Alors rassurons les vieux de la vieille et informons les newbees: pas de changement de personnalité artistique ni d’assagissement à craindre sur ce nouveau chapitre. Les Japonais continuent de pratiquer ce Metal barré débordant de testostérone comparable à une version musclée d’un Maximum The Hormone qui aurait chipé des idées à Troldhaugen et Iwrestledabearonce. Ça bourrine, c’est parsemé d’explosions toonesques, bref ça balance de la mosh part et de la saccade pimentées d’ingrédients exotiques, de mélodies Pop et d’incongruités pince-sans-rire. Et nom de nom, c’est exceptionnellement accrocheur! En gros, si on devait sous-titrer cette sortie nouvelle, on lui collerait un sticker clamant « Rhaa lovely in Nawakland ».

 

Exormantis présente néanmoins deux différences notables avec Oxygen, ces singularités trouvant leur origine dans la nature même du présent exercice de style: en effet, étant drapé du costume du méchant, ce nouvel épisode s’avère à la fois plus systématiquement brutal et moins varié que son illustre prédécesseur. Eh oui, c’est comme ça quand il y a un contrat à respecter: on ne peut plus en faire complètement qu’à sa tête… Pour ce qui est du côté « surenchère de brutasserie », les 39 minutes que dure ce sombre tome ratatinent en effet l’auditeur de manière plus soutenue qu'auparavant, les attaques menées par ces joyeux barjots alternant entre les registres Deathcore, Thrash, gros Death graisseux et Modern Vénère Néo-Meshugcore (quoi, l'appellation n'est pas officielle?). Mais on y trouve également une pincée de Powerviolence (bam, à 0:54 sur « T.A.P »), ainsi que du bon vieux D-Beat (à 3:05 sur « My Right Hand Thumb is a Kraken »). Et comme les loustics sont particulièrement cintrés, en plus de marier cette violence AOC à des éléments insolites, ils se permettent même d’inventer de nouvelles façons de nous malmener les tympans: tiens, comment vous qualifieriez, vous, la branlée reçue à 0:47 sur « My Goblin »? Du Goblin Tagadatagada-core?

 

L’autre aspect par lequel cette cuvée 2021 se démarque est un peu moins positif: en effet, quand démarre le dernier tiers de l’album, on commence à trouver que la formule se répète un peu.

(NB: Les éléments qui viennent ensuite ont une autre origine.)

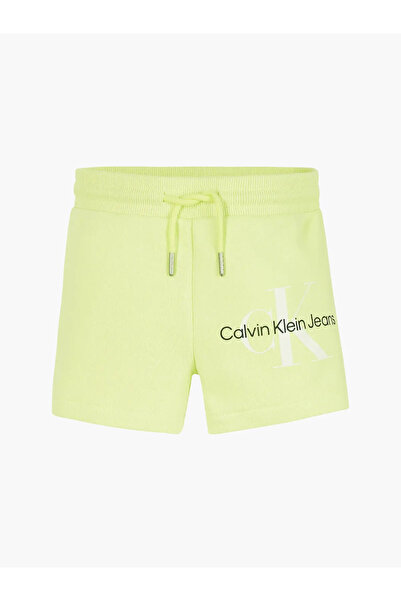 Calvin Klein REFLECTIVE MONOGRAM Kadın Yeşil Şort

La faute au petit manque de personnalité de certains titres, ceux-ci étant moins fortement typés que les tubes d’Oxygen, qui manifestaient généralement une forte individualité.

 

Pour autant ce nouvel album est encore une fois riche en moments forts et en hits méchamment barrés. « My Right Hand Thumb is a Kraken », le premier single, fait partie du haut du panier, son mélange de gros Metal velu avec – dans le désordre – de la salsa, du D-Beat, des mélodies du Soleil Levant, des passages martiaux, des mélodies Pop ultra-accrocheuses ainsi que de multiples fioritures qu’il serait fastidieux de lister ici, accouchant d’un tube tout aussi mastoc que fiévreux, exténuant et réjouissant. « My Goblin » s’avère du même tonneau, tout comme « Bloody Uncle » qui se distingue par un sens certain du swing. Mais il est vrai que pris globalement, ce shaker géant est plus éprouvant que l’expérience de 2018, le rythme s’avérant extrêmement soutenu et les moments de répit rares. Alors évidemment, la chose étant ainsi énoncée on pourrait penser que l’album est décevant: il n’en est rien. Mais Oxygen ayant placé la barre extrêmement haut, il est impossible de ne pas juger ce nouvel album sans le comparer à son grand-frère. Néanmoins la seule information vraiment importante à retenir au final est que si vous aviez craqué sur ce dernier, il est impensable que vous ne remettiez pas le couvert avec le côté sombre d’Ailiph au pays des merveilles.

 

 

 

 

 

 

 

 

 

 

 

 

La chronique, version courte: côté obscur d’un double-album tout aussi fou que l’excellent Oxygen, Exormantis ratatine un peu plus sévèrement que son aîné, et laisse rarement l’occasion de souffler. Mais de multiples moments de folie douce, des mélodies imparables et une enthousiasme communicatif en font un opus quasiment aussi attachant.